By Ryan Lambert -- Published April 15, 2023

A common use case with PostGIS data is to calculate things, such as distances between points, lengths of lines, and the area of polygons. The topic of accuracy, or inaccuracy, with GEOMETRY data comes up often. The most frequent offenders are generic SRIDs such as 3857 and 4326. In some projects accuracy is paramount. Non-negotiable. On the other hand, plenty of projects do not need accurate calculations. Those projects often rely on relationships between calculations, not the actual values of the calculations themselves. If Coffee shop Y is 4 times further away than Coffee shop Z. I'll often go to Coffee shop Z just based on that.

In most cases, users should still understand how significant the errors are. This post explores one approach to determine the how accurate (or not!) the calculations of a given SRID are in a particular region, based on latitude (North/South). The queries used in this post can be adjusted for your specific area.

Set the stage

The calculations in this post focus on the distance of two points situated 40 decimal degrees apart. The points are created in pairs of west/east points at -120 (W) and -80 (W). Those were picked arbitrarily, though intentionally spread far enough apart to make the errors in distance calculations feel obviously significant.
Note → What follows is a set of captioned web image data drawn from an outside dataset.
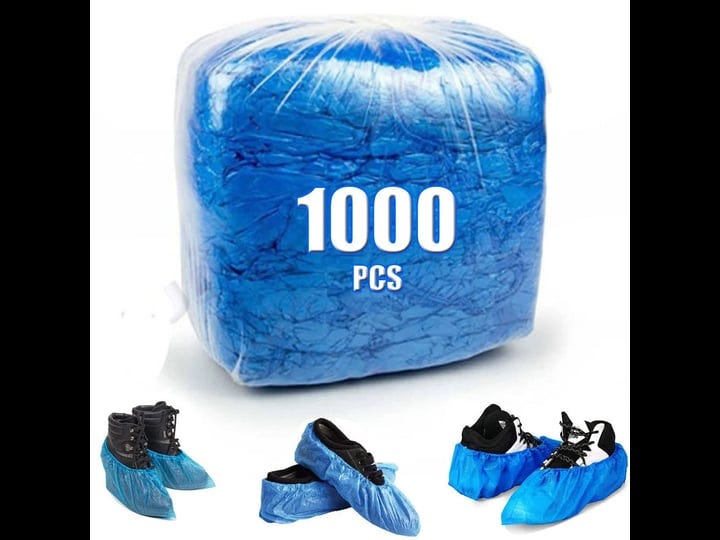 horlon-shoe-covers-disposable-1000-pcs-500-pairs-reusable-boot-covers-waterproof-durable-for-real-es-1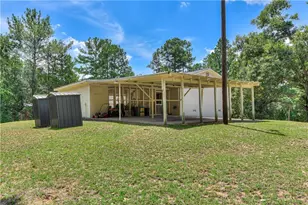 3954 Bath-Edie Rd, Blythe, GA 30805 - Photo 33
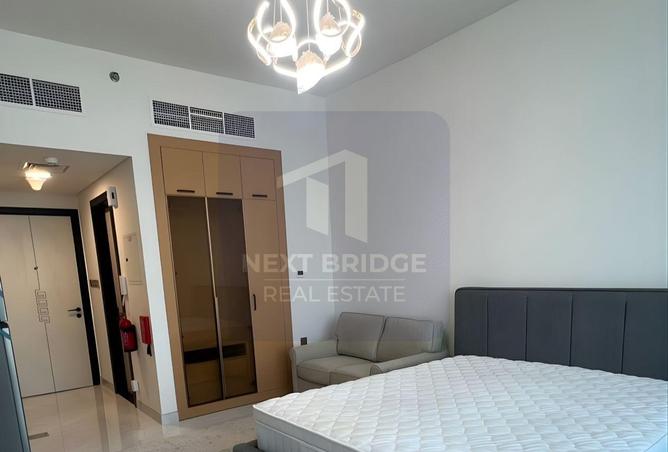 16282817 - صورة العقار 3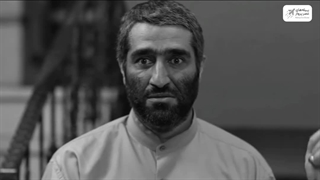 وضعیت آخر ماه کارمندان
The point pairs are created in 5 decimal degree intervals of latitude from 80 North to 80 South. The following screenshot shows how the points frame in much of North America.

While the points on the map using a mercator projection appear to be equidistant... they are not!

Screenshot showing the points used for distance checks at 5 degree latitude intervals.  The west and east points roughly frame most of North America, the exact longitudes chosen were because they were simple round numbers, for for any other relevance.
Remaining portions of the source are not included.